As a pastor I do a lot of studying on communication, and how to be most effective with the Sunday morning sermon during our weekly worship gatherings. Thousands of books have been written on how to form a sermon, how to deliver a sermon, how to produce change in others, etc.
Clearly the role of a Sunday morning passage is to present a Biblical text, but beyond that, the goal is for the text to form within the hearers of the message. In his book on the social dynamics of producing change in others, Kurt Lewin looks at the two basic means for initiating change in a person or group.
While I think of this subject largely in a large group communication setting, the connection points to how we produce change in others in different settings are quite clear.
To begin looking at this we must assume that the hearers are generally in a place of status quo (neither for your message or against it). From this place a presenter has two basic options:
1. Increase the tension by pushing.
The extreme of this is what many call a “fire and brimstone” type of church sermonizing. An example would be, “Hell is hot,” with a goal to the tension in a listener by pushing them away from hell by telling them they should avoid it.

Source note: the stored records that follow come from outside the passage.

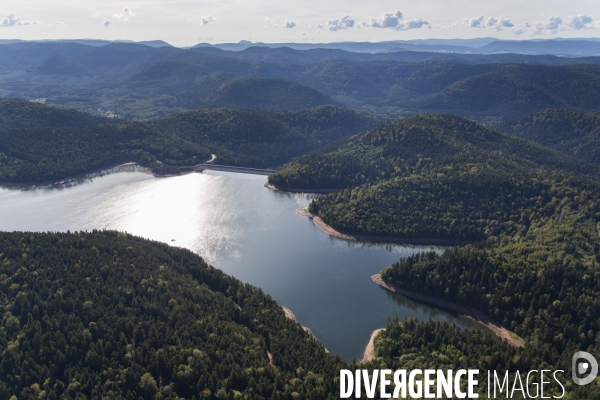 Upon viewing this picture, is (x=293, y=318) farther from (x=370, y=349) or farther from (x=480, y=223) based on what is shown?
(x=480, y=223)

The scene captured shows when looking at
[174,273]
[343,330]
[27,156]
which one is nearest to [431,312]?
[343,330]

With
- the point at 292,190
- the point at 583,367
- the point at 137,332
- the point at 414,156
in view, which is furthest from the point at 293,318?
the point at 414,156

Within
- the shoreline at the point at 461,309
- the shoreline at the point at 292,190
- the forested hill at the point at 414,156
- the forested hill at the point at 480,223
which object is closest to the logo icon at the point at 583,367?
the forested hill at the point at 480,223

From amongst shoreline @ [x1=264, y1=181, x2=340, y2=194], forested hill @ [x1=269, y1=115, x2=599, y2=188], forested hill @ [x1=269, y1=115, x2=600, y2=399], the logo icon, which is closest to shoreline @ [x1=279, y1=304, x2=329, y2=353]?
forested hill @ [x1=269, y1=115, x2=600, y2=399]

About this Eugene Lowry says, “The danger is that once the change agent is absent, things are apt to recoil to a position worse than the first” (The Homiletical Plot). We can all think of examples of this. An individual is told constantly how bad things will get if they do not follow the rules God has outlined for them. Once outside of this legalistic perspective, they rebel from it.
This perspective is given support when a group of people are seen to have a lack of willpower, needing the extra push to move forward. I find that Christians today generally do not have much tolerance for this kind of teaching style, and yet it is clearly the most effective in the short-term.
(Here’s a real life of example of my struggle in trying to do this well.)2. Decrease the tension of the negative with extra focus on the positive.
The extreme of this is “God desires for you to have your best life now.” At worst we think of this as a self-help type of teaching, where everything is positive because the goal is to point toward the way things can be. At it’s best people feel an increased urge for moving the trajectory of their life because they have heard Good News.
In examining this, Eugene Lowry says, “The redeeming focus for change is to remove the necessity so that they no longer need to look down upon others…It is a release from evil necessity into the freedom of loving others as we love ourselves…No longer having to prove our own worth, we may now be set free from making others prove themselves to us.”
You can see where the presentation of the Good News of the Gospel of Jesus fits well within this framework: “You were dead, but God did something extraordinary so you no longer need to keep striving to reach Him.”
While many want to focus exclusively on this 2nd posture for producing change, I believe that if the goal of a Sunday morning sermon is to present the Biblical text in a way that produces change, we must aim to produce change in the same way the Biblical text does. Meaning, both avenues presented here are valid and must be pursued.
What way of producing change do you find the most helpful?